== LISTED ENTRIES ==
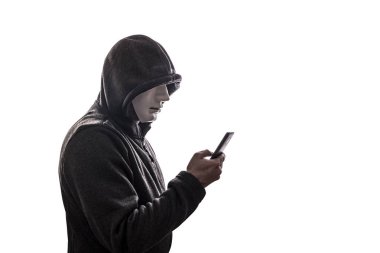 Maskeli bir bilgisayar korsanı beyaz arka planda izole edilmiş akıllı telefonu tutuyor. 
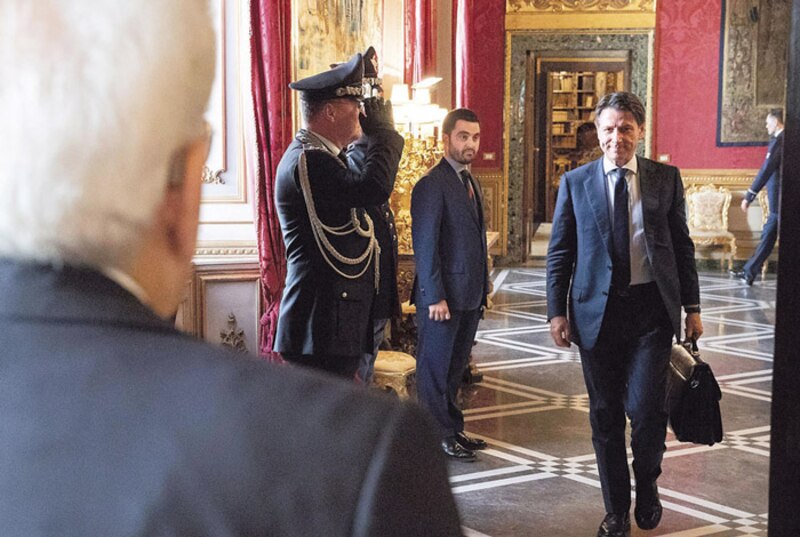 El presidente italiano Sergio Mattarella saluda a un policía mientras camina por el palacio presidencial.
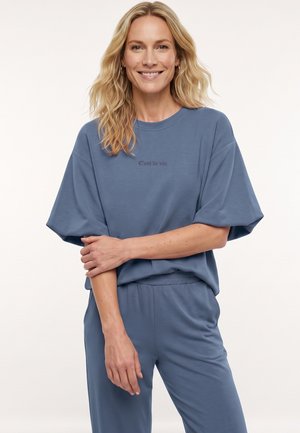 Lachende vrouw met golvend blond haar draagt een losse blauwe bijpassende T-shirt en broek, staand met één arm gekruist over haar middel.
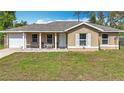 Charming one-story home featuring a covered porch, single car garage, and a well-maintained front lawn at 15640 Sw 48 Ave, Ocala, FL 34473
===
== LISTED ENTRIES ==
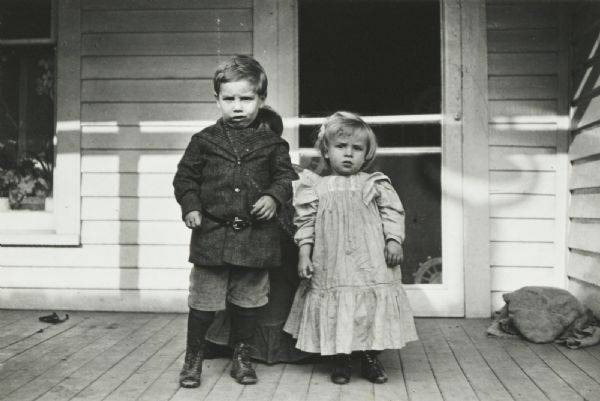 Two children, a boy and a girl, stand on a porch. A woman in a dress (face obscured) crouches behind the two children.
===
== LISTED ENTRIES ==
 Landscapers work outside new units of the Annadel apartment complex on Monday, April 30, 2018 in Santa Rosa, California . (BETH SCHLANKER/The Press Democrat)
===
_PROBLEM DESCRIPTION_
Pictures do not belong in the answer. Return the lines above starting at the one with "El presidente italiano" and ending at the one with "Lachende vrouw met", both kept, exactly.

_OUTPUT FOR THIS EXERCISE_
 El presidente italiano Sergio Mattarella saluda a un policía mientras camina por el palacio presidencial.
 Lachende vrouw met golvend blond haar draagt een losse blauwe bijpassende T-shirt en broek, staand met één arm gekruist over haar middel.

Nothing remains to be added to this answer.